His only objection to the subway, really, was that you couldn’t choose your own route. On the other hand, when you got where you were going, you didn’t have any parking headaches.
It was a quiet walk over to Fifth Avenue. A few empty cabs looked at him hopefully, and a couple of lone walkers looked at him warily, but otherwise he had the city to himself.
The story was, this garage door was supposed to be unlocked and unarmed at this point; just turn the handle and lift. So he did, and it lifted, but heavily, so that he had to use both hands on it. This was a door meant for the electric motor and remote control, so there wasn’t much thought given to its weight, which was considerable.
However, starting to lift the door meant that a light immediately switched on inside the garage, so he only raised it to waist height and then slid through under it and eased it back down again.
And here it was, a recent BMW 1 Series in banker black, furred all over with pale gray dust. Starting at the rear, which was closest to the door, Stan made a slow eyes–only inspection of the vehicle, approving of its pearl gray leather seats and the key stuck in the ignition and especially approving of its lack of GPS.
And what else did he have in here? On the right side of the garage, facing the front passenger seat, was a metal door with a small rectangular window in it, and beyond that a set of metal shelves, and beyond that, in the corner, a closed upright metal locker.

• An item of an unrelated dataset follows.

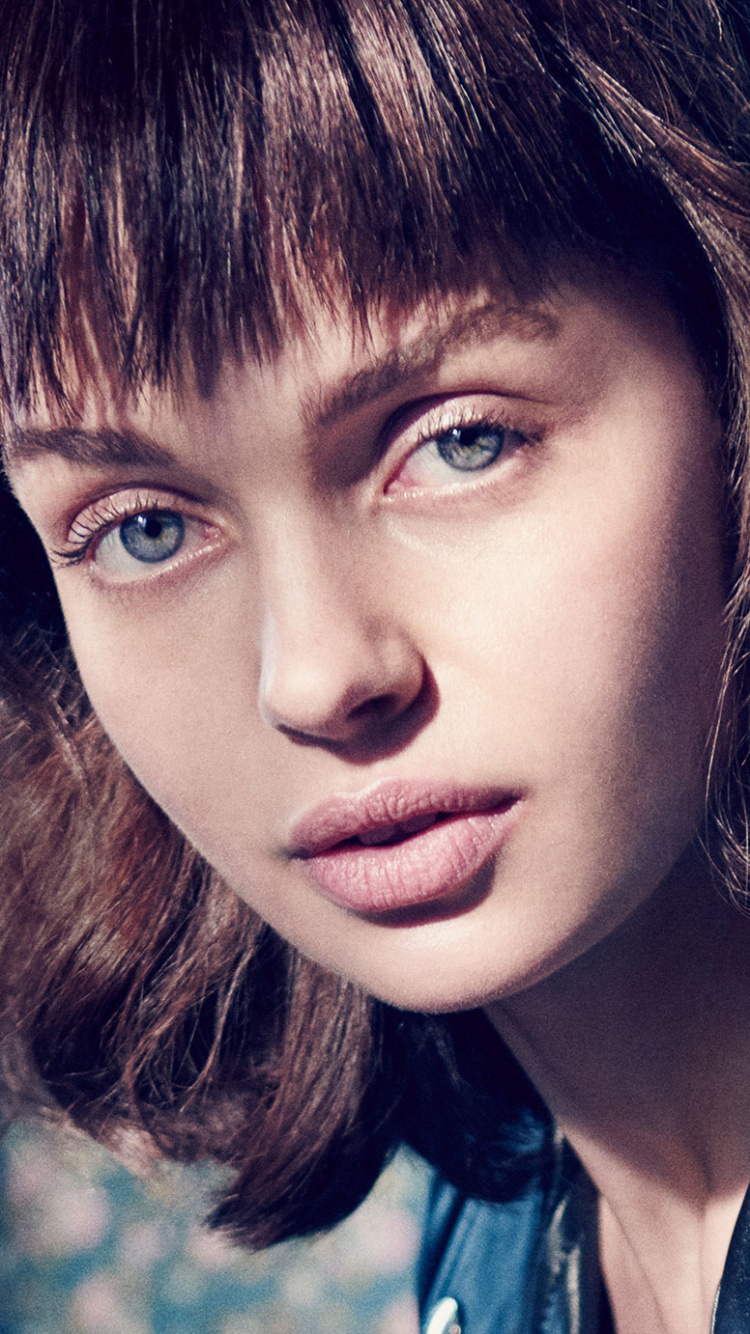 Belleza, Cabello, Peinado, Ceja, Nariz. Wallpaper in 750x1334 Resolution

Stan looked at the door first, and could see nothing but blackness through the little window. Would this be the elevator? Experimentally, he pulled on the door handle, and it opened, and yes, that was the elevator. It was down here, at this level, and as soon as the door opened, a light in there switched on.
A small elevator, but luxurious, with a red cushioned armless wooden chair at the back, soft indirect lighting from above, and flocked wallpaper on the walls. Pretty good.

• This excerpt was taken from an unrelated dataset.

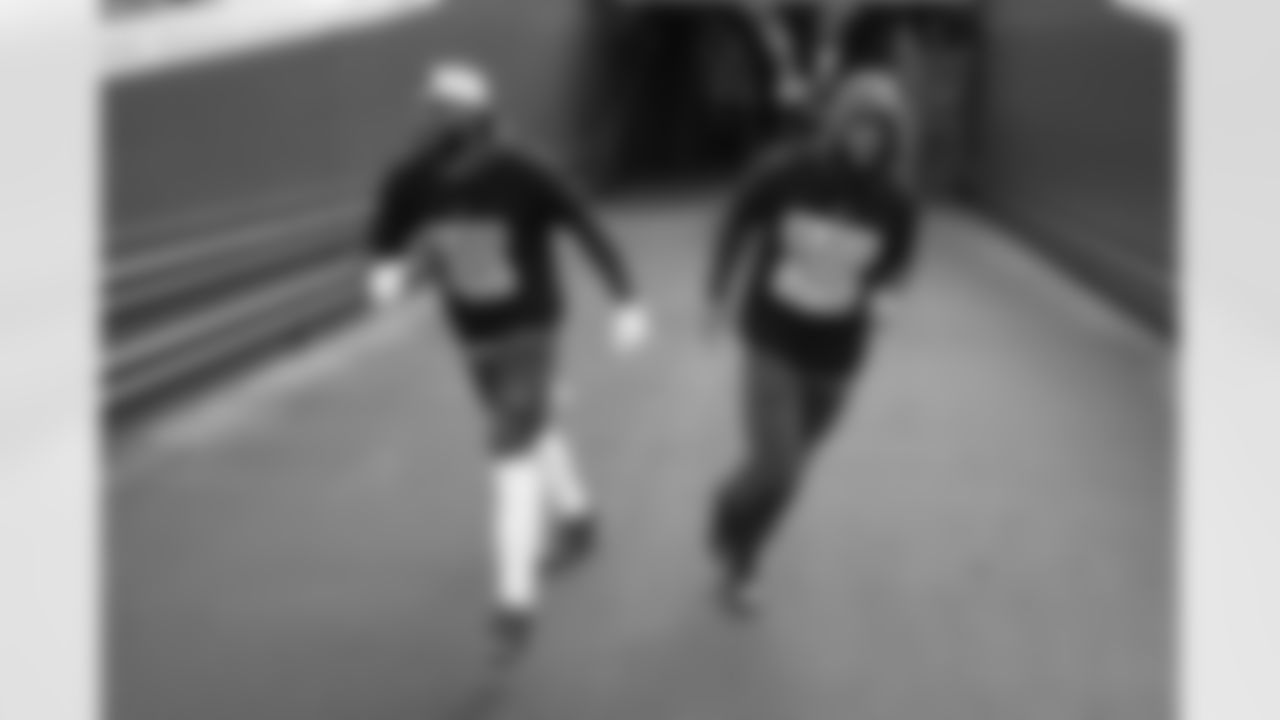 53 LB Darius Leonard, #54 LB Anthony Walker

The shelves were next. They contained cleaning and maintenance supplies for the car, including a chamois cloth, which was good; he’d use that on the car before he took it out. There was also on one shelf a remote control for the garage door, an extra one; Stan tossed it into the BMW, on the front passenger seat.

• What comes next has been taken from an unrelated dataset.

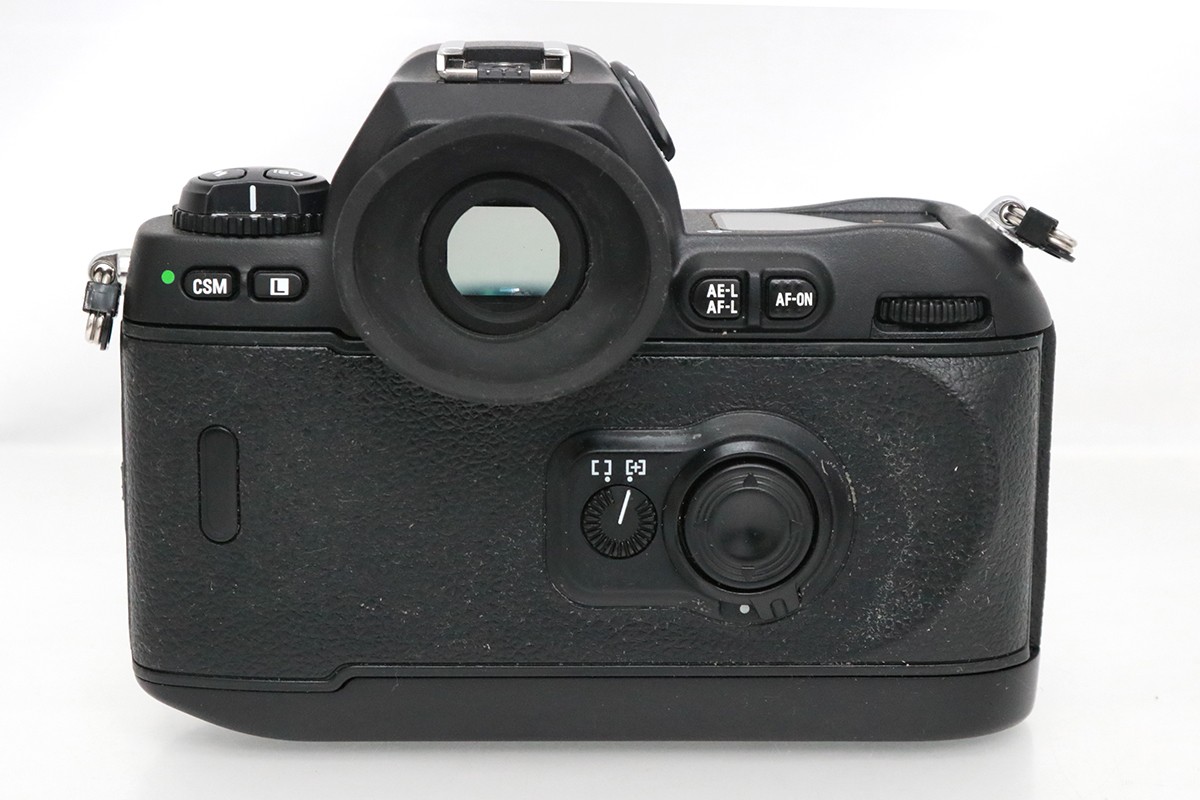 F100 ボディ＋MB-15（F100用バッテリーグリップ） CA01-M3904-3V1C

The locker was unlocked and contained only a chauffeur’s uniform. It had the tired look that every suit gets when it’s been hanging in one place too long.
Stan shut the locker, reached for the chamois, and the light went out.
Oh, on a timer. Fortunately, the elevator light was still on, and gleaming through the window, so by that shine Stan made his way back to the garage door and lifted it just enough to cause the light to come on again.
Okay, enough inspections; let’s get on with it. He took the chamois and briskly rubbed the car down, removing the gray dust, letting it sparkle in the light the way it wanted to. While he was doing that, the elevator light switched off, but that was okay.
He was just finishing with the chamois, at the rear bumper, when the garage light went off again. This time, he pushed the door up all the way, then got behind the wheel of the BMW, twisted the key, and the engine coughed, but then started. The sound was ragged, the car not having been driven for so long, but it was ready to roll.
Stan backed the BMW out to the sidewalk, stopped, got out of the car, and pushed the garage door closed by hand, because the electric motor would be too loud at this quiet time of night.
Also, at this time of night, he figured, the long way home would be quickest — over to the FDR, down to the Brooklyn Battery Tunnel, through to the Belt, and all around the hem of Brooklyn to Canarsie. No traffic, no delays, home much quicker than doing the Manhattan Bridge and Flatbush Avenue and all that. Too bad that wasn’t true in the daytime.
But it was certainly true now. At the end, getting out of the BMW in front of his house, he unlocked his way in, stepped through the side interior door into the garage, and backed his Mom’s cab out to the street. Then the BMW went in, the garage door was closed, and the cab was placed on the driveway, nose against the garage.
Stan went into his house again, left the cab key on the kitchen table, had a beer, and went to bed. Nice car. Better than Max deserved.